Conventional direct methods that use probability relations to determine the phases of a limited number of reflections are computationally extremely efficient for small structures, but the chances of success decrease sharply as the number of independent atoms increases above about 200. They also require fairly complete data to atomic resolution. It appears that the size barrier has at last been broken by methods that iterate between real and reciprocal space, pioneered by the 'Shake and Bake' program developed by the Buffalo group (Miller et al., 1993). Given a powerful enough computer, much larger structures can be solved than were possible with pure reciprocal space direct methods. The success rate can be improved if slightly better than random starting phases are available, e.g. from automated Patterson interpretation (Sheldrick & Gould, 1995). Such a Patterson-based structure expansion enabled the ab initio solution of a small metalloprotein with about 840 non-hydrogen atoms in the asymmetric unit (Frazao et al., 1995). However these methods still require data to atomic resolution, which in practice means about 1.2 Å.

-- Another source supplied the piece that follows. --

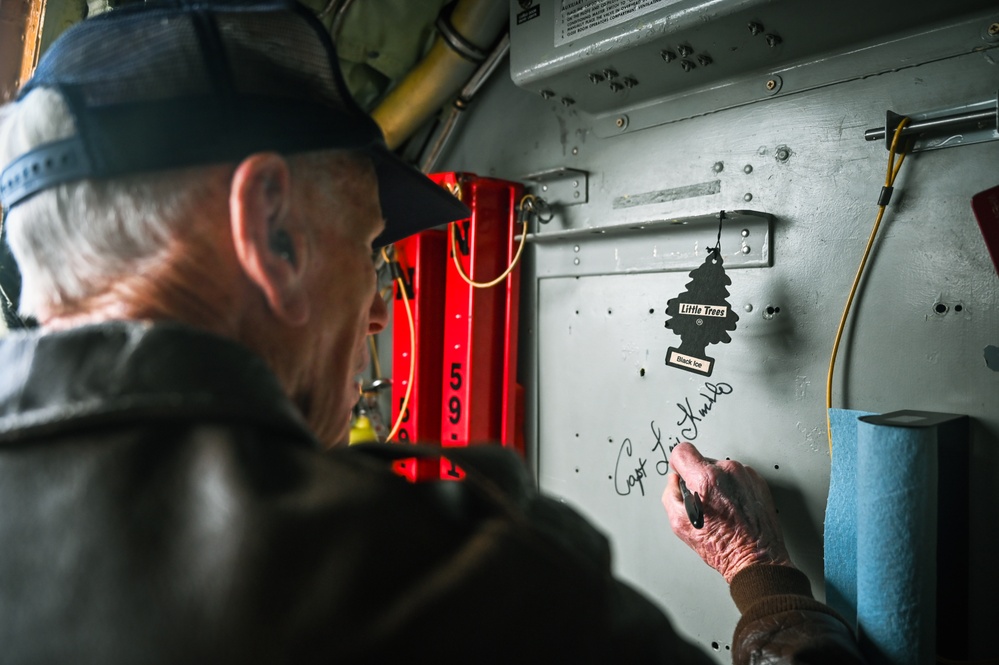 Last Man Standing: 155th ARW Honors WWII Pilot with Heritage Jet at Central Coast AirFest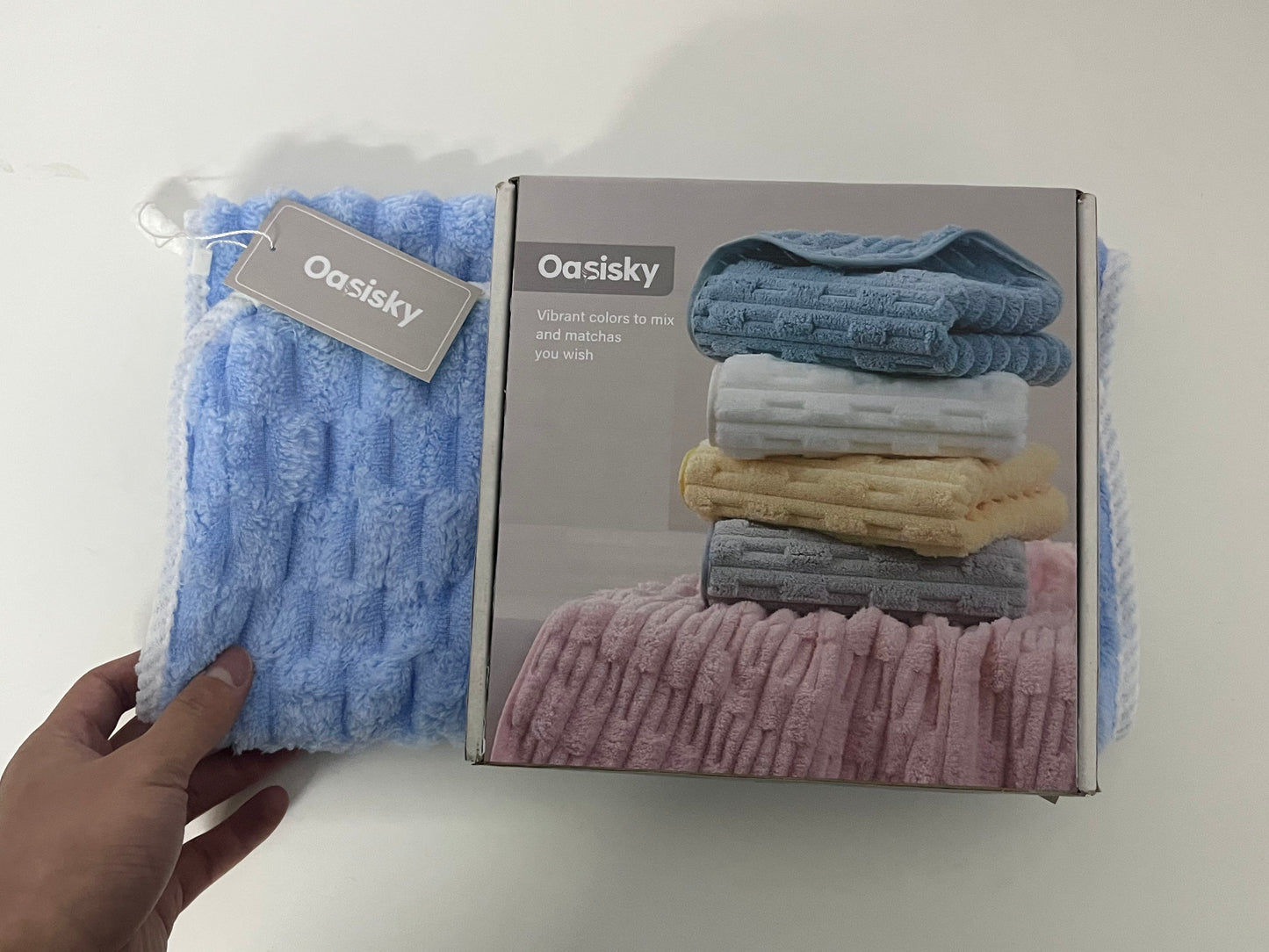 【Oasisky Striped Microfiber Towel】—— Cozy Blend of Softness & Absorbency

The next breakthrough will probably be the more active use of general structural knowledge in the real-space part of these procedures, rather than simply peak picking; it is possible that this will lead to a relaxation of the atomic resolution requirement. This talk will review recent progress towards the ab initio solution of both small-moiety and macromolecular structures.

C. Frazao, C.M. Soares, M.A. Carrondo, E. Pohl, Z. Dauter, K.S. Wilson, M. Hervas, J.A. Navarro, M.A. De la Rosa & G.M. Sheldrick (1995). Structure 3, 1159-1169.

R. Miller, G.T. DeTitta, R. Jones, D.A. Langs, C.M. Weeks & H. Hauptman (1993). Science 259, 1430-1433.

G.M. Sheldrick & R.O. Gould (1995). Acta Cryst. B51, 423-431.